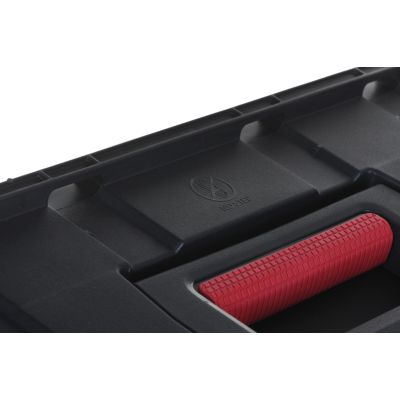 7. Skrzynia narzędziowa z 3 organizerami Stack n Roll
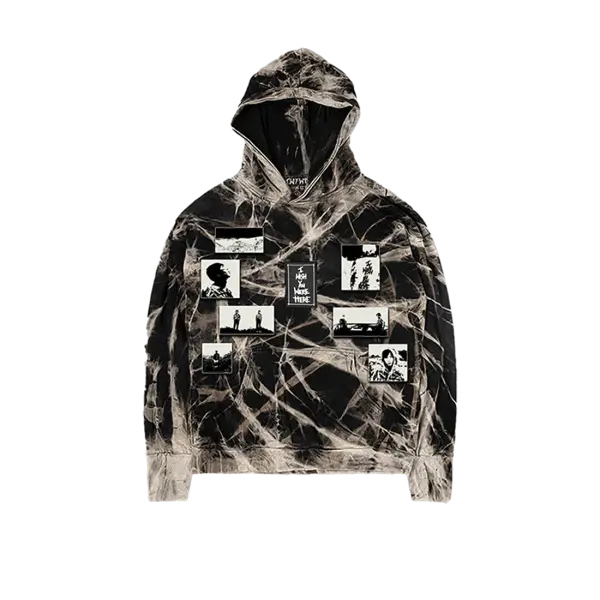 I WISH YOU WERE HERE NFC COLLECTION HOODIE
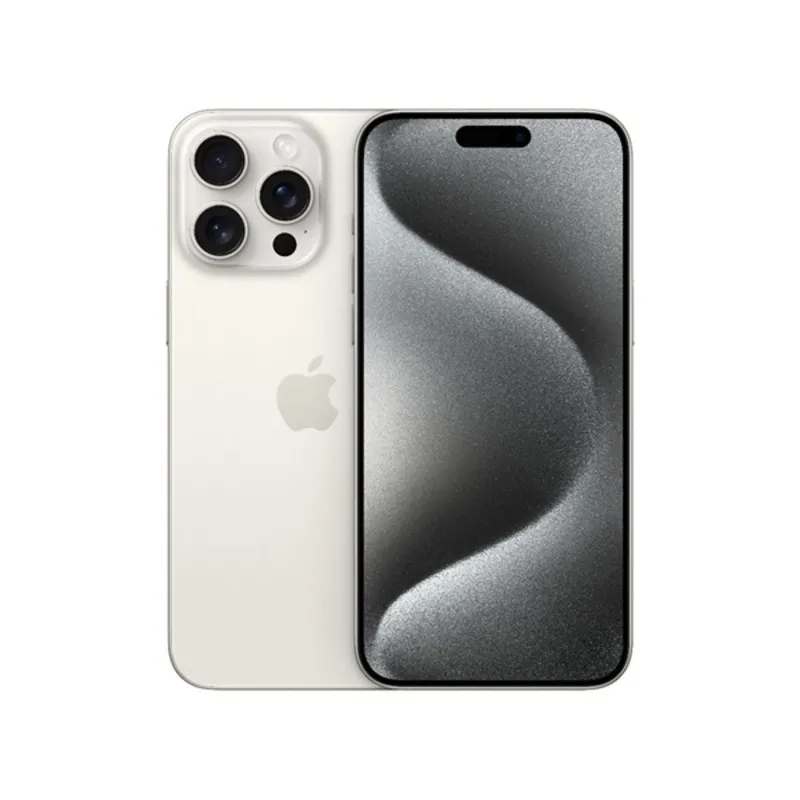 Apple iPhone 15 Pro Max 256GB White Titanium Apple iPhone 15 Pro Max 256GB White Titanium
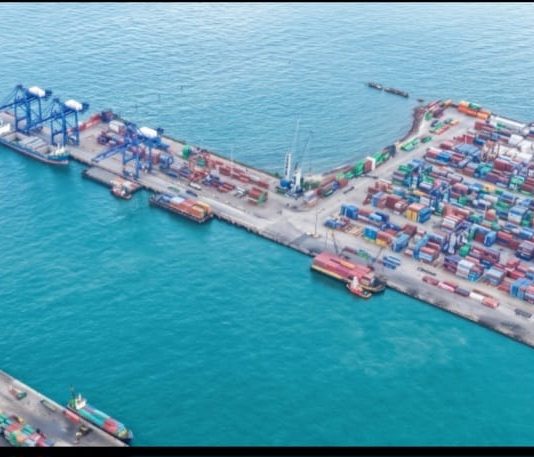 Modernisasi TPK Batu Ampar Pangkas Biaya Logistik Batam-Shanghai hingga 50 Persen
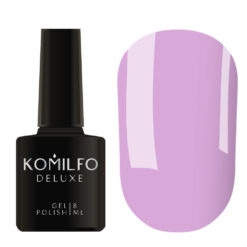 Gel Polish Komilfo Deluxe Series D183 (lilac, enamel), 8 ml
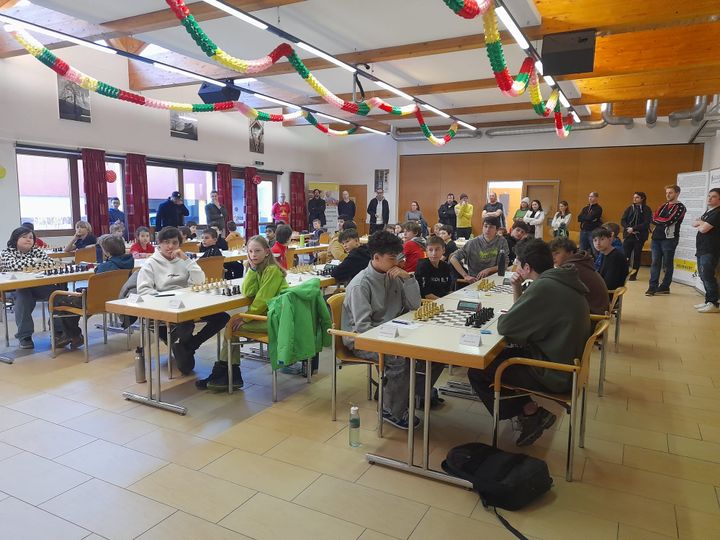 Medaillenregen für den SK Völs & Hak Ibk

---+---

TASK DESCRIPTION →
Produce an exact copy of the lines from the line containing "I WISH YOU WERE HERE NFC COLLECTION HOODIE" through the last line of the records, with no pictures and no other text.

EXPECTED ANSWER →
 I WISH YOU WERE HERE NFC COLLECTION HOODIE
 Apple iPhone 15 Pro Max 256GB White Titanium Apple iPhone 15 Pro Max 256GB White Titanium
 Modernisasi TPK Batu Ampar Pangkas Biaya Logistik Batam-Shanghai hingga 50 Persen
 Gel Polish Komilfo Deluxe Series D183 (lilac, enamel), 8 ml
 Medaillenregen für den SK Völs & Hak Ibk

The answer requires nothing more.